The petitioner, in filing his gift tax return, had taken four $5,000 exclusions. Following the Supreme Court's decision in United States v. Pelzer,312 U.S. 399">312 U.S. 399, the Commissioner was given leave to file an amended answer in which he alleged that the gifts in question were of future interests in property and that he had erred in allowing any $5,000 exclusion and asked that the deficiency be increased to $1,650 instead of the $1,200 determined in the deficiency notice. The petitioner filed a reply to the Commissioner's amended answer, in which he denied that the gifts were of future interests and alleged that the gifts were of present interests and were nine in number and that he is entitled to nine exclusions of $5,000 each; that there is no deficiency, but that on the contrary there was an overpayment of $900 in gift tax for the taxable year, and asks judgment of refund for that amount. A rehearing was held on these amended pleadings.
*799 *921 The facts have been stipulated and we adopt the facts as stipulated as our findings of fact. From them we state the following facts:
Petitioner is an individual who resides at Houston, Texas. Petitioner filed a timely gift tax return for the year 1937 with the collector of internal revenue for the first district of Texas at Austin, Texas.
By a trust indenture dated January 20, 1937, petitioner irrevocably conveyed to Dallas S. Townsend, trustee, 10,000 shares of the common stock of the Paulwin Petroleum Co. for the benefit of the individuals and institutions named in said trust indenture. The fair market value of the 10,000 shares of common stock of the Paulwin Petroleum Co. was $100,000 at the time of the gifts.

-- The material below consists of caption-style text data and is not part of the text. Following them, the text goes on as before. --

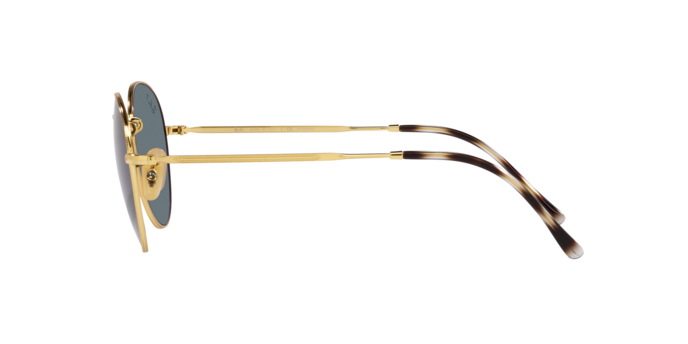 Ray-Ban David Sunglasses RB3582 001/3R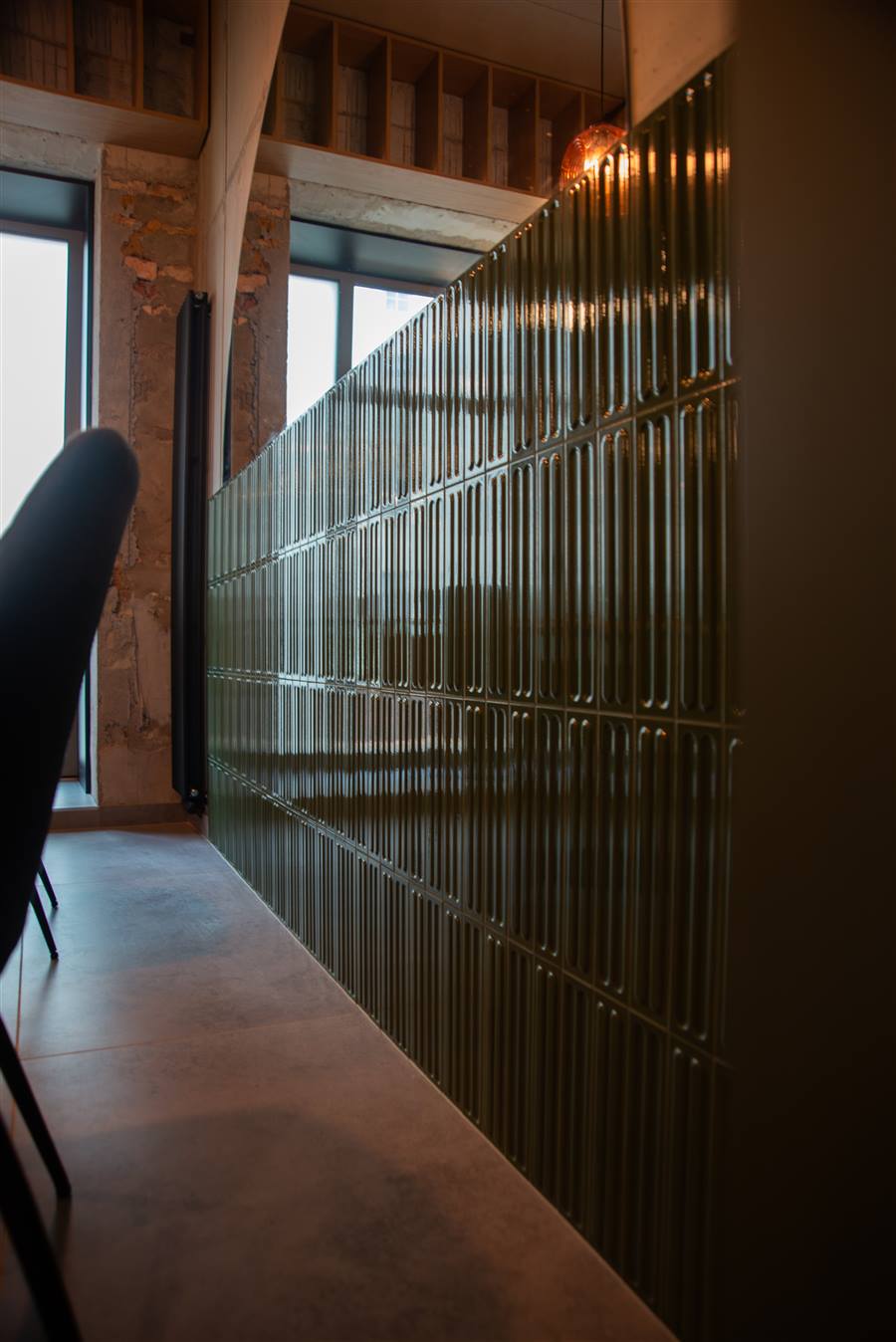 Wine bar Flat4 - zdjęcie 7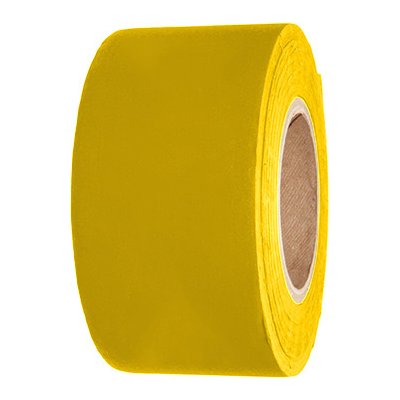 Era pack vytyčovací páska jednobarevná 75 mm x 250 m červená – Sleviste.cz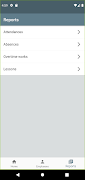 AS Work Management screenshot 2
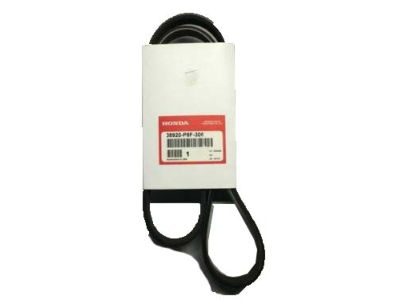 Acura 38920-P8F-306 Belt, Compressor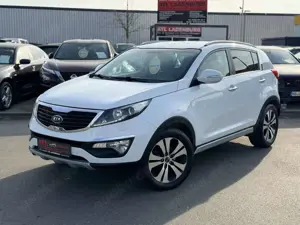 Kia Sportage Spirit 2WD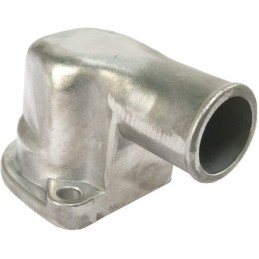 Vpe3700 thermostat housing new holland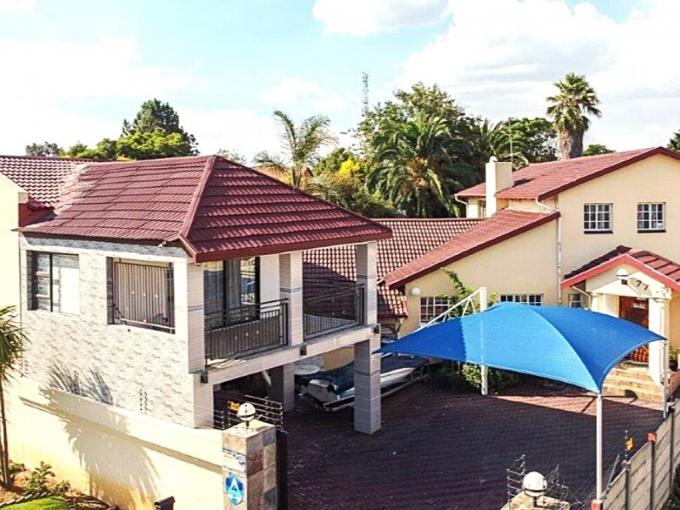 5 Bedroom House for Sale For Sale in Winchester Hills - MR701635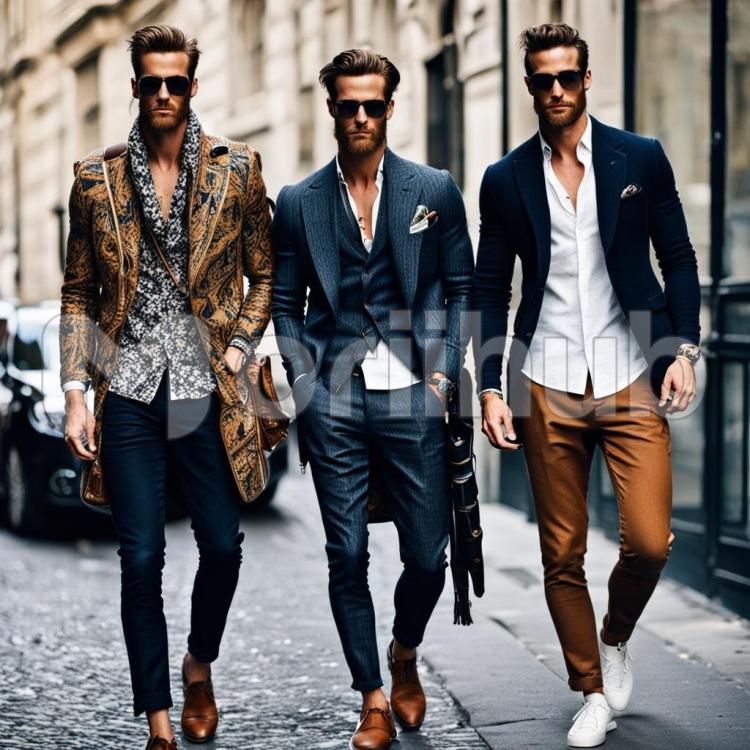 Street Style Swagger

The trustee was to pay over and deliver the principal and income of the trust as follows:
A. During the life of the settlor (petitioner) the net income of the trust was to be paid to the following named beneficiaries "in such proportion as the trustee may in his absolute discretion determine":
* * * The Settlor's wife, URSULA M. PAUL, the Settlor's children, RUTH U. PAUL and MIRIAM U. PAUL, the children of the said URSULA M. PAUL, NIGEL G. BOIS*800 and MICHAEL D. BOIS, G. P. WHITE, or the survivor or survivors of them, YOUNG MEN'S CHRISTIAN ASSOCIATION OF THE CITY OF NEW YORK, CITIZENS UNION OF THE CITY OF NEW YORK, NATIONAL CIVIL SERVICE REFORM LEAGUE.
B. Upon the death of the settlor (petitioner) the net income was thereafter to be paid to the settlor's wife, Ursula M. Paul, during her life.
C. Upon the death of the survivor of the settlor and his wife, Ursula M. Paul, the trust terminates and the trustee shall pay over the then trust fund, with any accumulated or unpaid income thereon, in equal parts, share and share alike, to the settlor's children, Ruth U. Paul and Miriam U. Paul, and the children of the said Ursula M. Paul, Nigel G. Bois, and Michael D. Bois, or the survivor or survivors of them, and the issue collectively of any deceased child, provided, however, that there should be no distribution of principal to any of the above mentioned children until he or she reached the age of 25 years.Since the property conveyed to the trust consisted only of 10,000 shares of the common stock of the Paulwin Petroleum Co., the amount and rate of annual income to be earned by the trust upon the property conveyed to it*801 was not determinable at January 20, 1937, the date of the gifts.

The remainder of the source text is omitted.